Data to use:
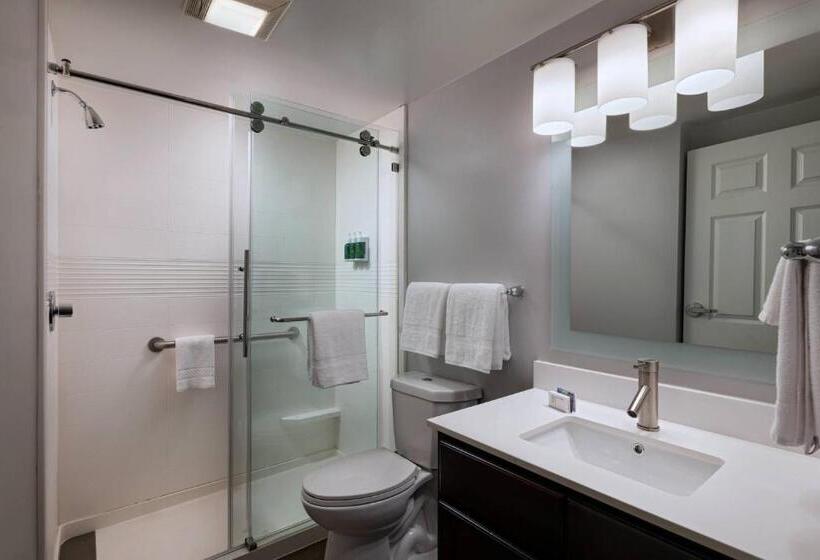 스탠다드 스튜디오, Towneplace Suites By Marriott Baton Rouge South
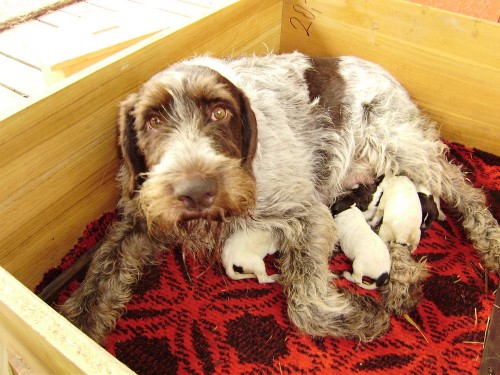 Prodej �t�nata �esk� fousek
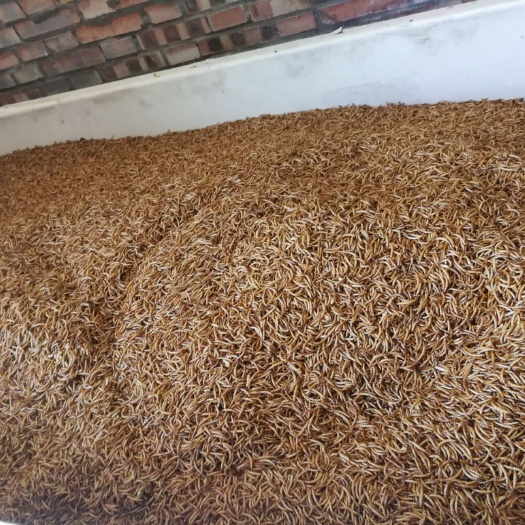 伊川县黄粉虫 面包虫干，营养双丰收，宠物必备佳品，物美价廉。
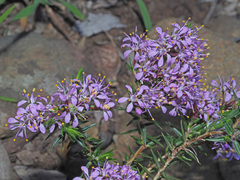 Agathosma serpyllacea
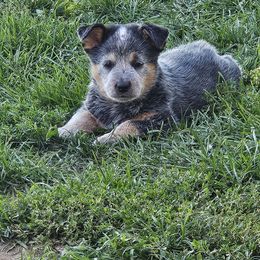 BooBoo - Blue speckled male Australian Cattle Dog puppy in Cora, Wyoming from Lyla Hinman's Australian Cattle Dogs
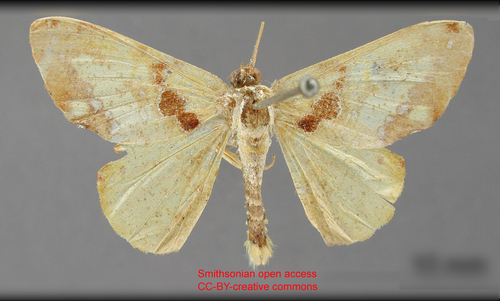 Trotogonia niphe
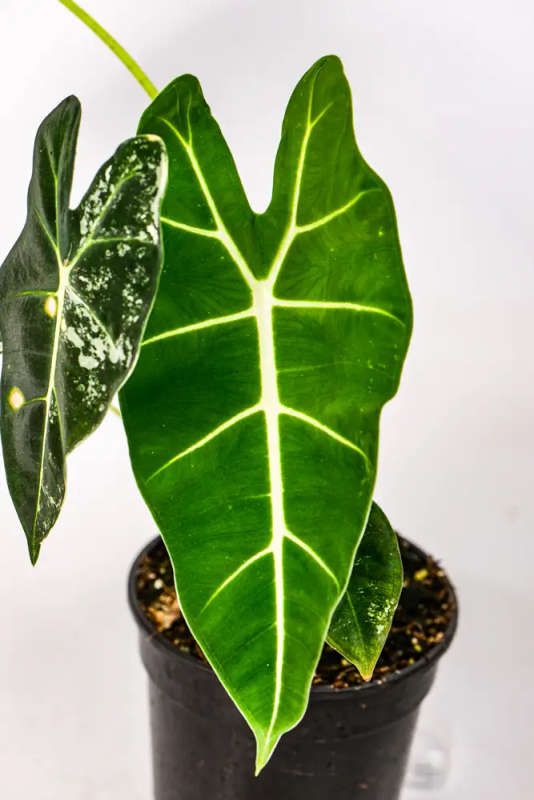 Variegated Alocasia Frydek 2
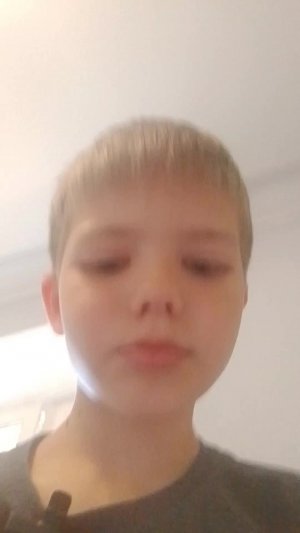 делаю домик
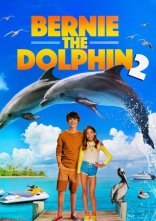 постер Дельфін Берні 2 онлайн в HD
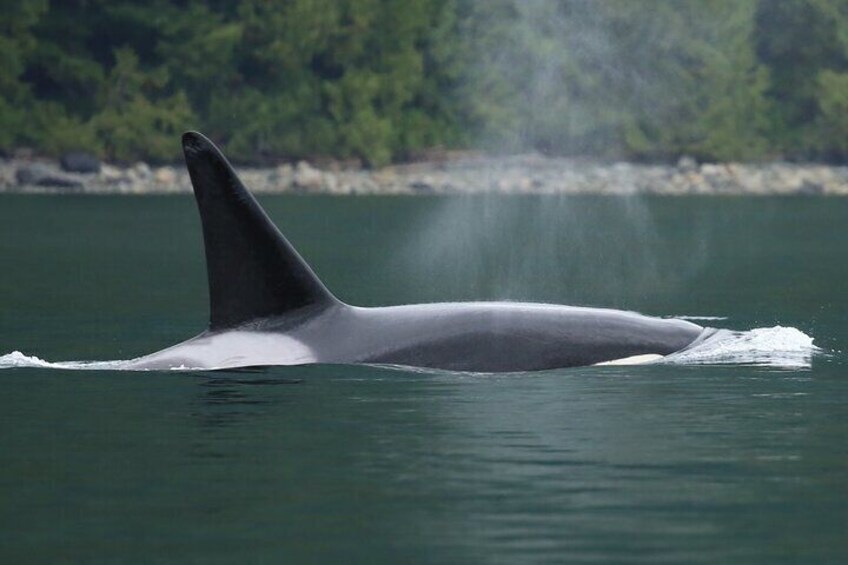 A whale swimming in the ocean with a forested shoreline in the background. 4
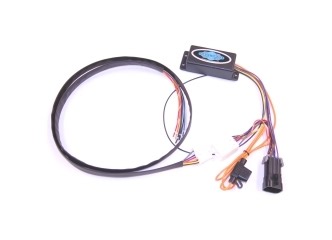 The Indian Larry Twisted Frame Chopper | J&P Custom Motorcycle Builds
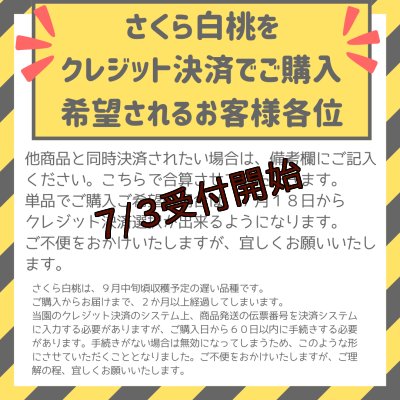 画像2: 吟壌桃「さくら」3L-10〜14玉　(5kg)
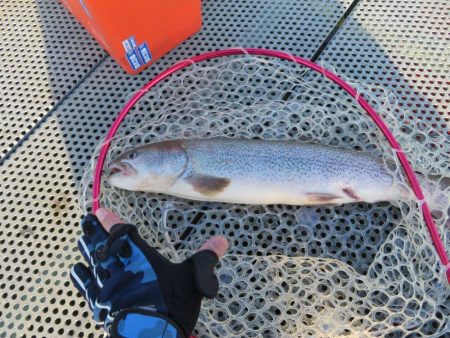 人生二本目のイトウをゲット！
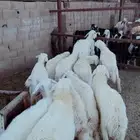 طليان نطيفه بريه ع الشرط ( سلخ وتوصيل )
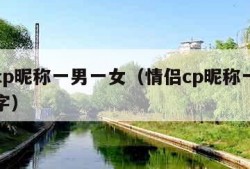 情侣cp昵称一男一女（情侣cp昵称一男一女俩字）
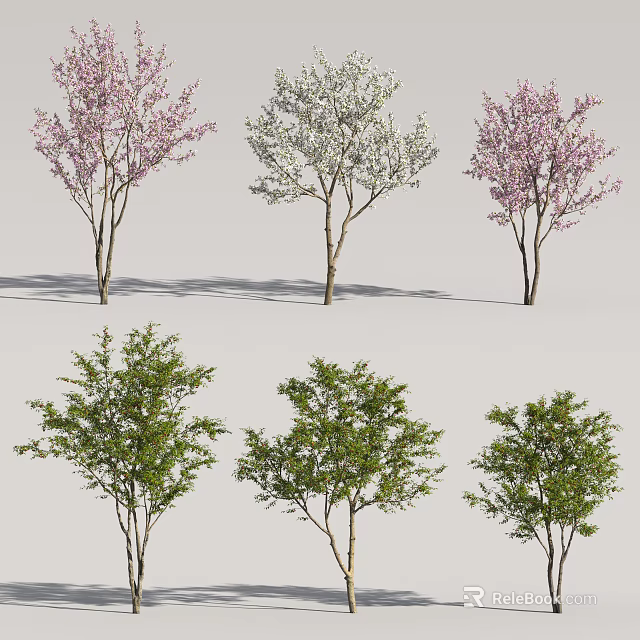 Flowering Trees with Pink White Blossoms and Green Leaf Varieties in Landscape 3d model 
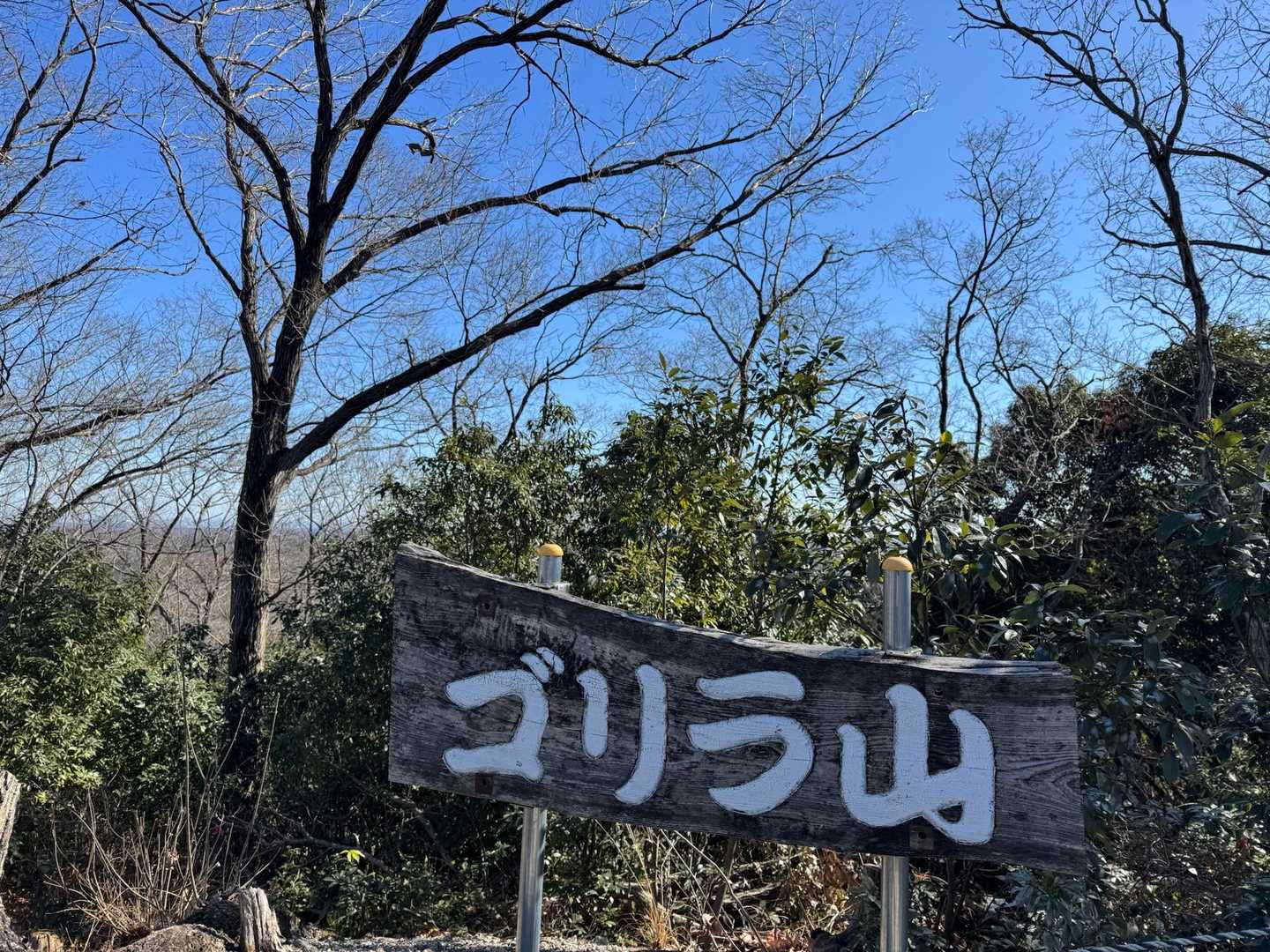 ゴリラ山山頂
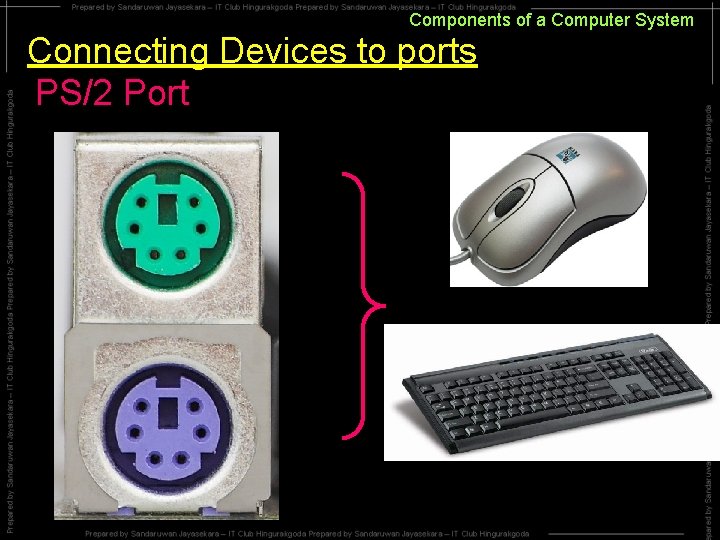 Components of a Computer System Connecting Devices to ports PS/2 Port Components of a Computer System Connecting Devices to ports PS/2 Port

Assignment:
The answer should match the data above word for word, with no pictures in it.

Answer to the exercise:
 스탠다드 스튜디오, Towneplace Suites By Marriott Baton Rouge South
 Prodej �t�nata �esk� fousek
 伊川县黄粉虫 面包虫干，营养双丰收，宠物必备佳品，物美价廉。
 Agathosma serpyllacea
 BooBoo - Blue speckled male Australian Cattle Dog puppy in Cora, Wyoming from Lyla Hinman's Australian Cattle Dogs
 Trotogonia niphe
 Variegated Alocasia Frydek 2
 делаю домик
 постер Дельфін Берні 2 онлайн в HD
 A whale swimming in the ocean with a forested shoreline in the background. 4
 The Indian Larry Twisted Frame Chopper | J&P Custom Motorcycle Builds
 画像2: 吟壌桃「さくら」3L-10〜14玉　(5kg)
 人生二本目のイトウをゲット！
 طليان نطيفه بريه ع الشرط ( سلخ وتوصيل )
 情侣cp昵称一男一女（情侣cp昵称一男一女俩字）
 Flowering Trees with Pink White Blossoms and Green Leaf Varieties in Landscape 3d model 
 ゴリラ山山頂
 Components of a Computer System Connecting Devices to ports PS/2 Port Components of a Computer System Connecting Devices to ports PS/2 Port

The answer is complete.